We’ll get results like this:

2015-02-13 00:57:57.421 CurrySauce[41877:134228] Graham Lee
2015-02-13 00:57:57.421 CurrySauce[41877:134228] Graham Greene
2015-02-13 00:57:57.421 CurrySauce[41877:134228] Graham Garden
2015-02-13 00:57:57.422 CurrySauce[41877:134228] Graham is 18 years old
2015-02-13 00:57:57.422 CurrySauce[41877:134228] Alexander Graham Bell

OK, we don’t actually get that for free. There’s some secret sauce I
haven’t shown you: secret curry sauce.

Here be dragons

As with
all the best bits of Objective-C,
you need to turn off the automatic reference counting to do what
follows (you’ll have already seen a call to -autorelease above). ARC
works wonders when you try to write Java in Objective-C, give or take
the strong-weak-strong tango.

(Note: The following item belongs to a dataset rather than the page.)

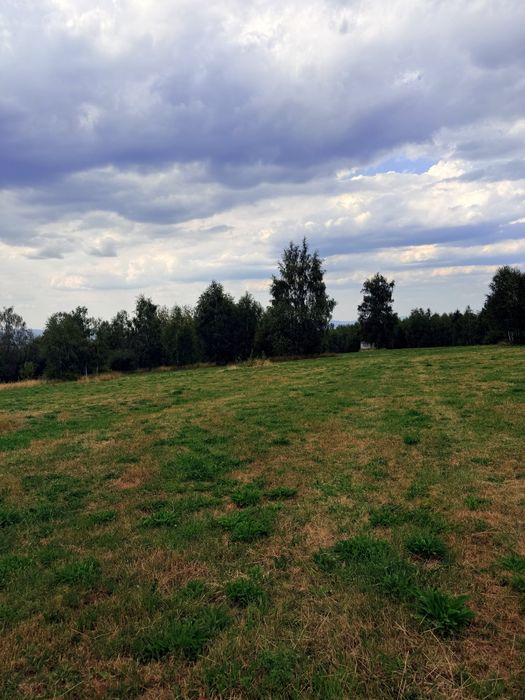 Teren de vânzare Dealu Negru-judetul Cluj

It isn’t so helpful when you try to
write Objective-C in Objective-C.

Partial application

The NamePrinter class knows that you might call it with a partial
application, so it checks whether the selector you sent in your
message matches the prefix of any method it knows. If it does, and the
return type and argument types in this prefix can be uniquely
determined, then it creates a proxy to listen for the rest of the
application.

The restrictions on types are there due to the way that Objective-C
deals with C types in message sending. It’d be a lot easier to do this
in Ruby or Smalltalk, where everything is an object reference: as
Objective-C needs to deal with C types of different sizes, you must be
able to construct a single invocation from the prefix selector.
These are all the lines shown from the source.